Cases for Caricom attention

By Rickey Singh

AS A consequence of dramatic political developments in a few Caribbean Community states — particularly resulting from cases involving democratic governance and justice in Suriname and Antigua and Barbuda it seems appropriate for the Caricom Bureau to devote some urgent attention.

The bureau, which traditionally comprises whoever may be the current chairman of the Community, immediate past chairman and incoming new chairman, functions as a management committee between inter-sessional meetings and regular Heads of Government conferences.

Current chairman is the embattled Prime Minister of Jamaica, Bruce Golding. It is expected to closely monitor and report on events and developments of importance to the Community in general.
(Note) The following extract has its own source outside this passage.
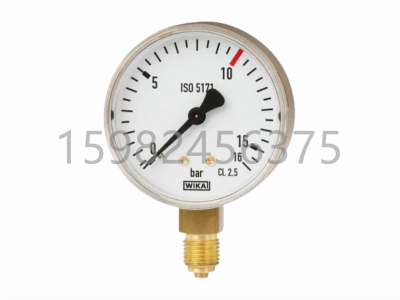德国WIKA威卡111.12型Bourdon Tube压力表图2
This past weekend, the opposition Antigua Labour Party of former prime minister Lester Bird was locked in a bitter verbal duel with the government of Prime Minister Baldwin Spencer over claimed unconstitutional manoeuvres to undermine democratic governance and an abuse of the office of Governor General Dame Louise Lake-Tack.

By Monday, the Suriname parliament had elected as the country’s new president, ex-military strongman, Desi Bouterse, whose personal freedom hangs on an outstanding court ruling for murder of 15 political opponents in the wake of a 1982 coup. A new hearing by the court is scheduled for July 24.

Earlier last week, the Prime Minister of St Lucia, Stephenson King, felt compelled to dismiss his Attorney General and Minister of Justice, Nicholas Frederick, amid swirling claims of corrupt practices in governance as emerged in a ruling last month by the Court of Appeal.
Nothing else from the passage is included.